Beethoven's Birthday

Nowadays, newspapers run a pitiful fraction of the daily comics (i.e. “the funnies”) which they used to; anybody who cares about them has to head to their local bookstore to buy a specialty edition where they’ve been carefully curated, a hardcover collector’s edition that you won’t ever dare to actually read. When I was a child, however, not only were newspaper comic strips in their heyday, but mass-market paperback collections of them were so plentiful as to be available in drugstores and supermarkets. (Do they still sell mass market paperbacks in bins in the supermarket, like they did when I was a child? Oh well, I’m old.)

All of which is to say that I was exposed to a large amount of Charles Schultz’ Peanuts as a child. And that’s not counting the holiday specials, many of which received their first airings when I was a wide-eyed youngster. (I’m not that old; A Charlie Brown Christmas and It’s the Great Pumpkin, Charlie Brown were already established classics when I was born, but I was around for the debut of their Thanksgiving installment, Valentine’s Day installment, Election Day installment, and so on.) Those dog eared paperbacks were my reading primers. And as such, they were pretty advanced – Schultz doesn’t skimp on the philosophical and literary references, which pre-school me desperately tried to make sense of. Peanuts taught me about theology, psychology, clinical depression. And most importantly, it taught me about the most sacred day of all the year – Schroeder’s favorite holiday, Beethoven’s Birthday.

Which, if you’re reading this on the day I post, is today. December 16.

(Well, technically, we assume it’s December 16. Ludwig van Beethoven’s record of baptism is listed as December 17, 1770, and at the time in his birthplace of Bonn, Germany, the tradition was to baptize the infant the day after they were born. So December 16 is a safe assumption for day of birth. Now, there are folks nowadays who, seeing the 17th as the only date for which there’s actual documentary evidence, mark that as the birthday. These people are wrong and I choose to pity them.)

I’m a huge classical music fan. A huge Beethoven fan. And as far as childhood influences go, I can think of no moment that better illustrates what being an artist feels like – that particular high we’re all chasing – than the sequence in the 1969 movie A Boy Named Charlie Brown where Schroeder’s playing Beethoven’s Pathetique sonata. We switch to his point of view, and the piano expands out from under him, transporting him to a larger world. Strangely, though, for all my devotion, Beethoven isn’t really part of my professional world. I’m not a professional musician, and Beethoven isn’t namechecked in a great many American playscripts, so for all his significance to the culture at large, he simply hasn’t come up in my theatrical life.

Except for one time.

Fifteen years ago, I was performing in the Classical Theatre of Harlem’s production of Macbeth. Well, one of their productions of Macbeth, at any rate – they’ve done that show a lot. And indeed, I was performing in their production of Macbeth sixteen years ago, as well, which is what made it possible to perform in it fifteen years ago. For you see, that 2003 production caught the eye of the folks who were booking the 2004 Bonn Bienniale, and at their invitation, we were invited to a whirlwind German tour in 2004.

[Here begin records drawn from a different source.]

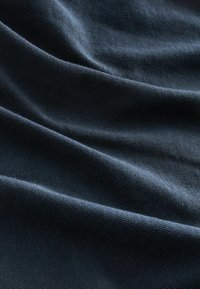 Donkerblauwe textuurstof met zichtbare plooien, gemaakt van geweven materiaal, met een subtiel, gestructureerd patroon.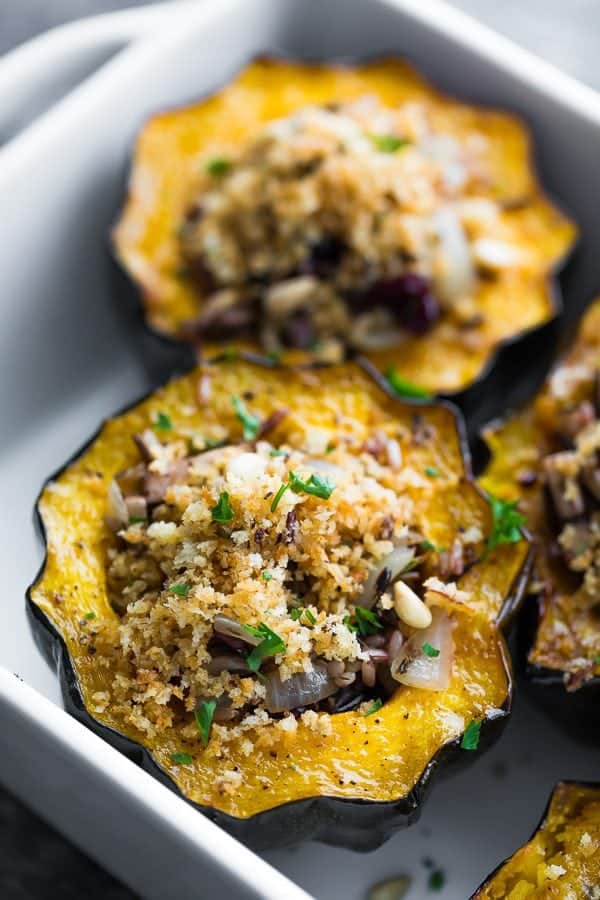 close up shot of stuffed acorn squash with mushrooms and cranberries
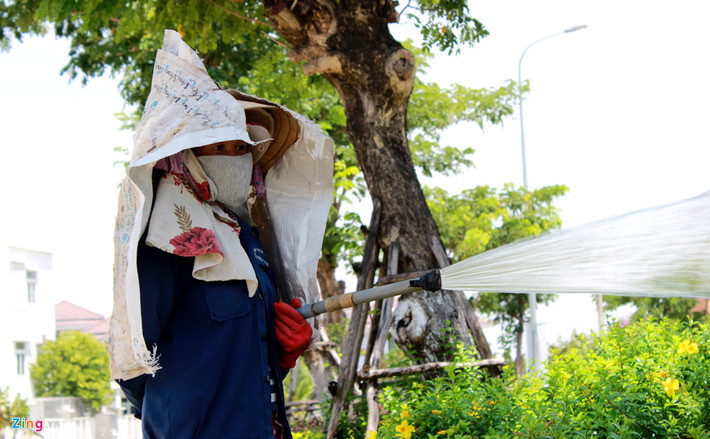 Để hạn chế nắng nóng, chị Nguyễn Thị Lan (công nhân Công ty Môi trường đô thị) phải xé bao xi măng che nắng.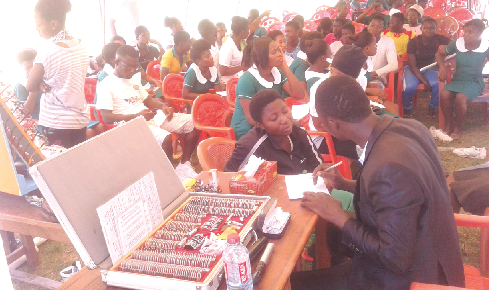 Dr Felix Awuriki (right) interacting with one of the students during the health screening at JAPASS Dr Felix Awuriki (right) interacting with one of the students during the health screening at JAPASS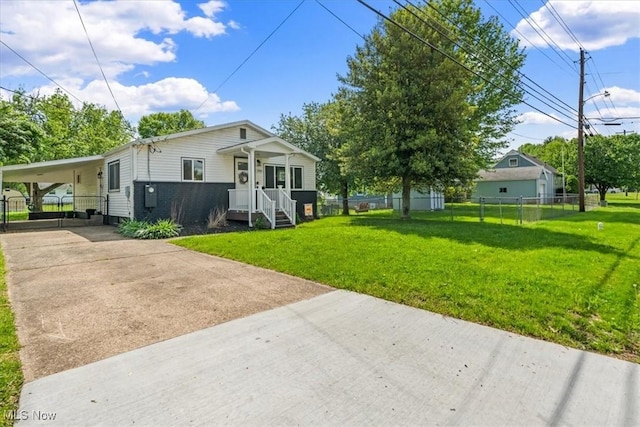 exterior space featuring fence, a carport, driveway, and a front yard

(I should note that the name Bonn Bienniale implies that the theater and arts festival where we found ourselves recurred in that city every two years; that there was a 2002 Bienniale before us, and a 2006 Bienniale after us, and so on. I’ve found no evidence that this is the case; searching for the 2004 Bonn Bienniale turns up nothing except mentions from various folks like me that we happened to be there for it. But we were there, and it did happen, and if not for the fact that this all happened in June of that year, I’d chalk it up to a Beethoven’s Birthday miracle. But I digress.)

We didn’t have very much time to see Bonn; the run of the show and the bulk of our time were spent just outside of the city, in the Klosterruine Heisterbach, the ruined shell of a monastery where our production was actually mounted. But we did get to do a few touristy things: a few of us took a short river tour along the Rhine; many more of us loaded up on German chocolates.

And I was able to make time to make holy pilgrimage to the birthplace of Ludwig van Beethoven.

The house is largely a tourist destination; you can buy Beethoven T-shirts and keychains. There’s walls of period wind instruments for you to look at. (You’ll have to take my word for it, because you can’t take pictures of them without a stern old German man knocking the camera out of your hands. Or your phone, these days – this was fifteen years ago, remember.) But once you’ve made your way through the house, and seen the exhibits and read the pamphlets, you come to a small, spare little room. By its position in the house, you can surmise that it would have been that upstairs bedroom.

I was struck dumb by the energy coming from that spot – that same energy hinted at in that crude Peanuts animation from 1969, that holy sense of potential and promise. That spot, where the man would have been born.

This was all fifteen years ago, and Beethoven was born 249 years ago this day, and still I go on, as do we all – from show to show, project to project, trying to find that moment when the piano will expand out from under my expectant fingers, into that better world to come.